PyEmits, a python package for easy manipulation in time-series data.

Related tags

Data AnalysisPyEmits
Overview

Project Icon

PyEmits, a python package for easy manipulation in time-series data. Time-series data is very common in real life.

  • Engineering
  • FSI industry (Financial Services Industry)
  • FMCG (Fast Moving Consumer Good)

Data scientist's work consists of:

  • forecasting
  • prediction/simulation
  • data prepration
  • cleansing
  • anomaly detection
  • descriptive data analysis/exploratory data analysis

each new business unit shall build the following wheels again and again

  1. data pipeline
    1. extraction
    2. transformation
      1. cleansing
      2. feature engineering
      3. remove outliers
      4. AI landing for prediction, forecasting
    3. write it back to database
  2. ml framework
    1. multiple model training
    2. multiple model prediction
    3. kfold validation
    4. anomaly detection
    5. forecasting
    6. deep learning model in easy way
    7. ensemble modelling
  3. exploratory data analysis
    1. descriptive data analysis
    2. ...

That's why I create this project, also for fun. haha

This project is under active development, free to use (Apache 2.0) I am happy to see anyone can contribute for more advancement on features

Install

pip install pyemits

Features highlight

  1. Easy training
import numpy as np

from pyemits.core.ml.regression.trainer import RegTrainer, RegressionDataModel

X = np.random.randint(1, 100, size=(1000, 10))
y = np.random.randint(1, 100, size=(1000, 1))

raw_data_model = RegressionDataModel(X, y)
trainer = RegTrainer(['XGBoost'], [None], raw_data_model)
trainer.fit()
  1. Accept neural network as model
import numpy as np

from pyemits.core.ml.regression.trainer import RegTrainer, RegressionDataModel
from pyemits.core.ml.regression.nn import KerasWrapper

X = np.random.randint(1, 100, size=(1000, 10, 10))
y = np.random.randint(1, 100, size=(1000, 4))

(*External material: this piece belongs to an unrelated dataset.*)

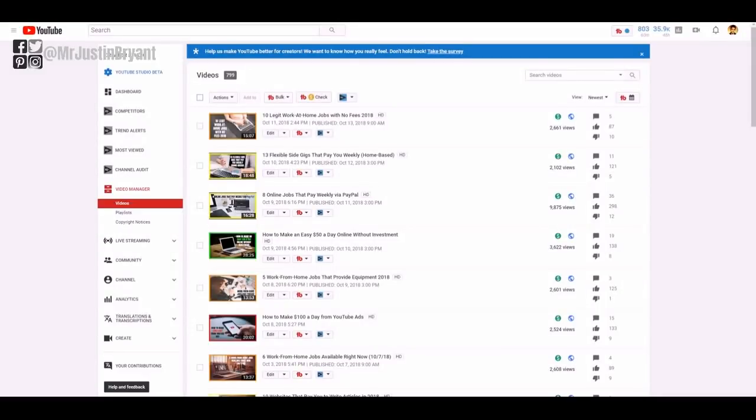Hey guys, Justin Bryant here from selfmadesuccess.com. In this video I'm going to show you how to edit your YouTube video descriptions and other things in bulk so that you can do all of this on YouTube in your creator studio.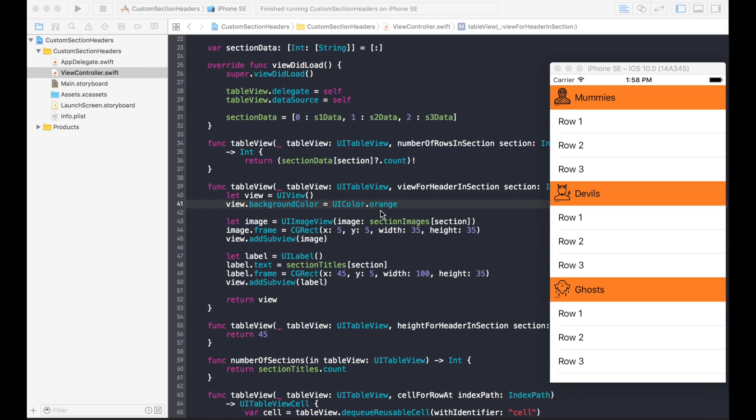Hi everyone, my name is Mark Moikins. In a previous video I showed you how to create custom section headers with code. Now in this video I'm going to show you how to create custom section headers for the table view using the storyboard.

keras_lstm_model = KerasWrapper.from_simple_lstm_model((10, 10), 4)
raw_data_model = RegressionDataModel(X, y)
trainer = RegTrainer([keras_lstm_model], [None], raw_data_model)
trainer.fit()

also keep flexibility on customized model

import numpy as np

from pyemits.core.ml.regression.trainer import RegTrainer, RegressionDataModel
from pyemits.core.ml.regression.nn import KerasWrapper

X = np.random.randint(1, 100, size=(1000, 10, 10))
y = np.random.randint(1, 100, size=(1000, 4))

from keras.layers import Dense, Dropout, LSTM
from keras import Sequential

model = Sequential()
model.add(LSTM(128,
               activation='softmax',
               input_shape=(10, 10),
               ))
model.add(Dropout(0.1))
model.add(Dense(4))
model.compile(loss='mse', optimizer='adam', metrics=['mse'])

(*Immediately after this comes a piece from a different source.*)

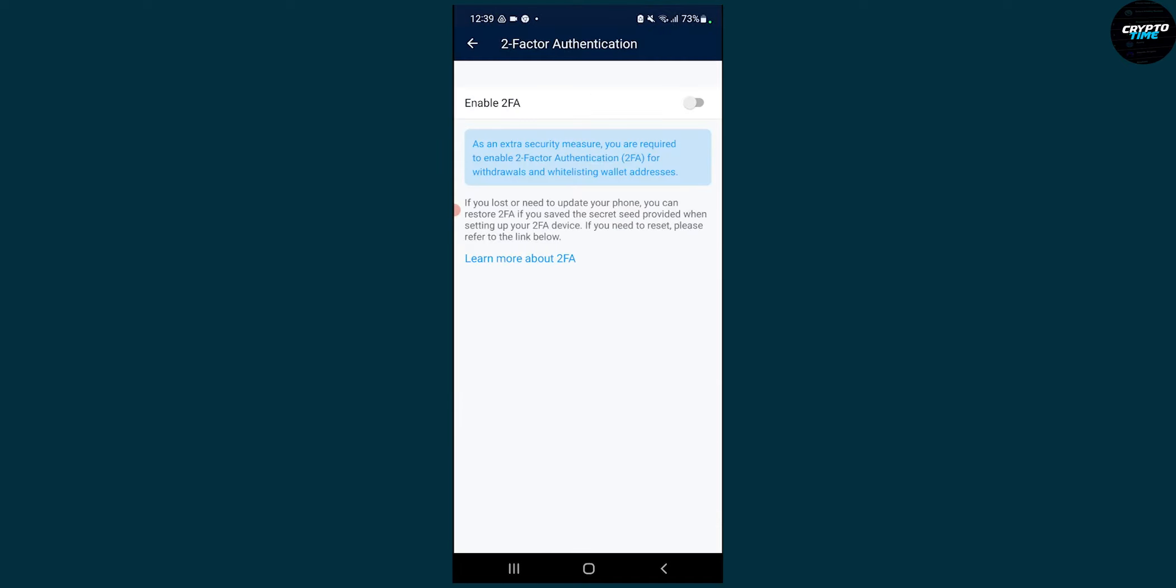So this is how to enable and set up two-factor authentication on crypto.com.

keras_lstm_model = KerasWrapper(model, nickname='LSTM')
raw_data_model = RegressionDataModel(X, y)
trainer = RegTrainer([keras_lstm_model], [None], raw_data_model)
trainer.fit()

or attach it in algo config

import numpy as np

from pyemits.core.ml.regression.trainer import RegTrainer, RegressionDataModel
from pyemits.core.ml.regression.nn import KerasWrapper
from pyemits.common.config_model import KerasSequentialConfig

X = np.random.randint(1, 100, size=(1000, 10, 10))
y = np.random.randint(1, 100, size=(1000, 4))

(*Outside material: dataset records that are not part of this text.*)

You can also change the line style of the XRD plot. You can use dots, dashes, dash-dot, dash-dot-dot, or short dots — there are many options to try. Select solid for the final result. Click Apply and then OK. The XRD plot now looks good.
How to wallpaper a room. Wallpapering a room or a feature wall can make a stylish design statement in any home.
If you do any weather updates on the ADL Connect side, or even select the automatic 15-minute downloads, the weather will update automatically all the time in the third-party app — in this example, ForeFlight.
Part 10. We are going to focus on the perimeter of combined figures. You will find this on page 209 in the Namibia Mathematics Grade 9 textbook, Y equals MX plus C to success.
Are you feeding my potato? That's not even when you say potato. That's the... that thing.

from keras.layers import Dense, Dropout, LSTM
from keras import Sequential

keras_lstm_model = KerasWrapper(nickname='LSTM')
config = KerasSequentialConfig(layer=[LSTM(128,
                                           activation='softmax',
                                           input_shape=(10, 10),
                                           ),
                                      Dropout(0.1),
                                      Dense(4)],
                               compile=dict(loss='mse', optimizer='adam', metrics=['mse']))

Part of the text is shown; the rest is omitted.